En la vida de los otros, soy un paréntesis.
Vivía acá. Construía acá. La gente contaba conmigo para sus anécdotas futuras y cercanas. Yo estaba en su mapa y en su historia. Era parte de algo.
Y me fui.
Y volví.
Soy un paréntesis de ocho años.
El mundo siguió, para todos, pero no para mí.
La gente me ve y ve la persona que ellos conocían antes.
Y se relacionan con la persona que yo era antes.
Y me hablan de las cosas que hablábamos antes.
Sí, es difícil adaptarse. Sólo yo conozco mi historia, porque es un poco más compleja que la historia común.
Yo decidí cambiar de vida, cada 10 meses, por ocho años. Tengo que admitir que no había manera de seguirme el rastro. Yo decidí pasar de vivir en un país asiático, a uno musulmán, a uno tribal, al caribe, a la savana. Yo decidí aprender a hablar inglés en incontables acentos distintos, con lunfardos distintos, con expresiones distintas salidas de culturas distintas donde ninguna se parecía a la mía pero al fin y al cabo todos somos humanos y todos nos parecemos.
Es inevitable que quienes me conocieron previo a mis viajes, quieran reencontrarse con la persona que se fue. Porque fue a ella a quien extrañaron, a ella a quien esperaron. Fue a ella que le permitieron abrir un paréntesis por tanto tiempo con la ilusión de que un día volviera y pudieran, finalmente, seguir con su relato.

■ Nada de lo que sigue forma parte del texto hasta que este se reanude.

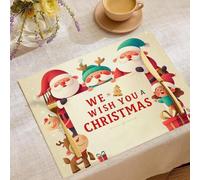 Christmas Placemats set of 6, Simple Santa Claus Table Mats Washable Cotton Linen Dining Place Mats for Xmas Home Kitchen, Cartoon Characters Table Decorations 18x12 Inch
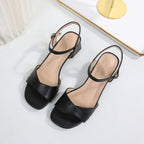 Summer women's simple minimalist one-line buckle thick heel sandals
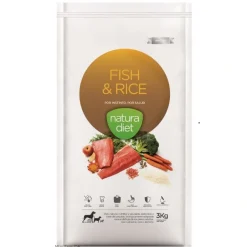 Natura Diet Super premium Hunde & kattefoder Natura Diet Fisk og Ris hundefoder 3 kg - Naturlig ernæring til hunde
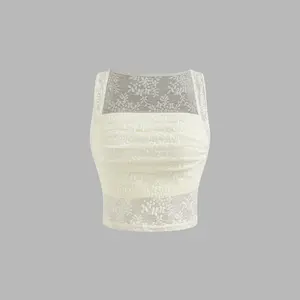 Cider [4 colors, size 0-10] Lace Square Neck Ruched Crop Tank Top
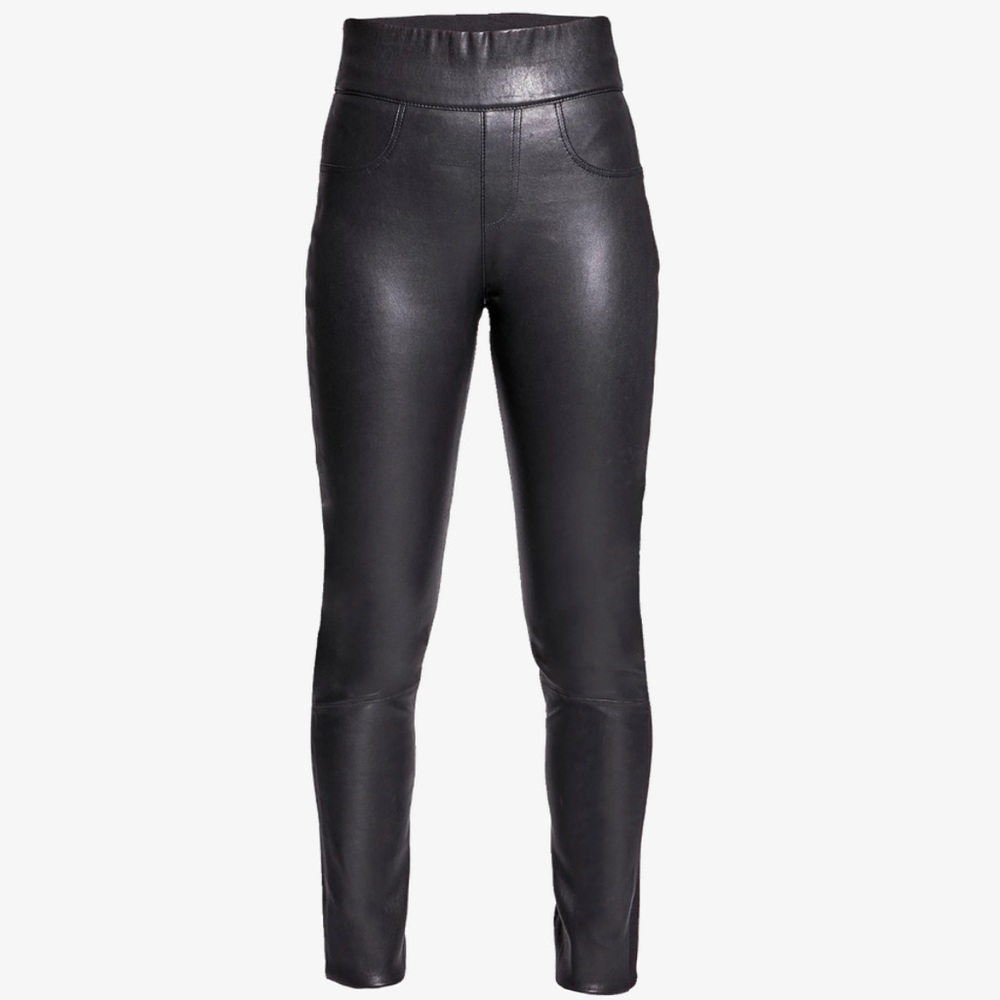 AS By DF Gigi Black Stretch Recycled Leather Front/Ponte Knit Back Legging Sz M
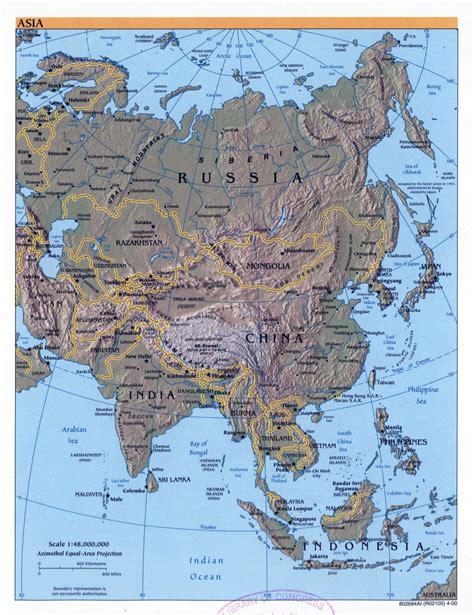 Detailed Political Map Of Asia With Relief Major Cities And Capitals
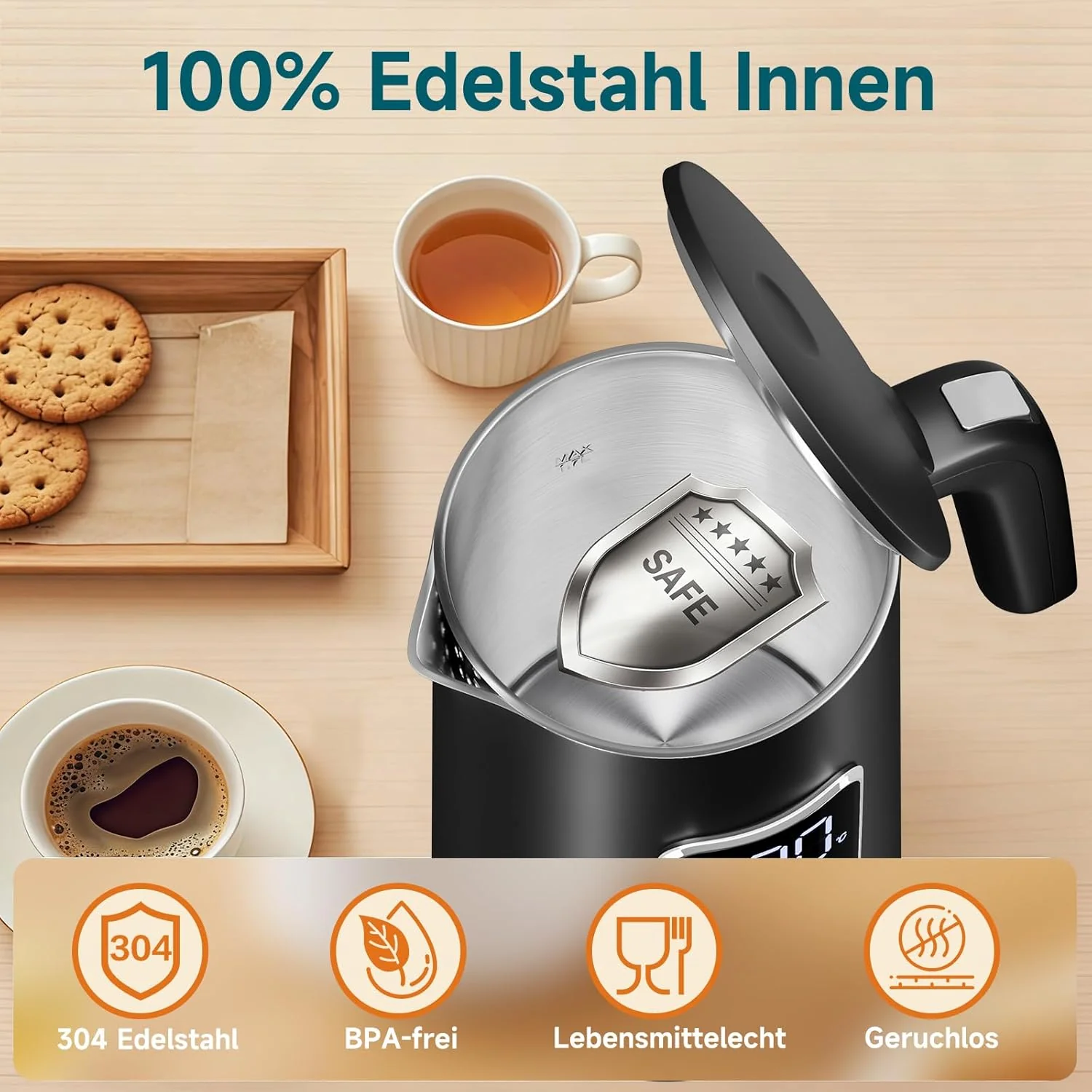 HOMELUX Digitaler Wasserkocher 1,7L mit Temperatureinstellung 40-100°C, 2200W, 100% Edelstahl Innen, Cool-Touch & Warmhaltefunktion - Image 4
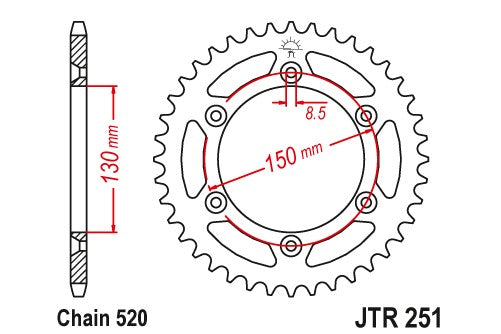 Sprockets Rear (JTR210- 50T) - JT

Pero ese relato se fue tan pronto yo me subí al primer avión.
Y aunque aún soy la persona inocente que se emociona por todo en este mundo, no soy ella.
Resiento la persona que era porque esa persona es quien se quedó con todo. De tanto en tanto me pongo una máscara y juego a ser ella sólo para acomodarme, pero no es real y no soy yo.
Viajar es mucho más solitario de lo que se imaginan.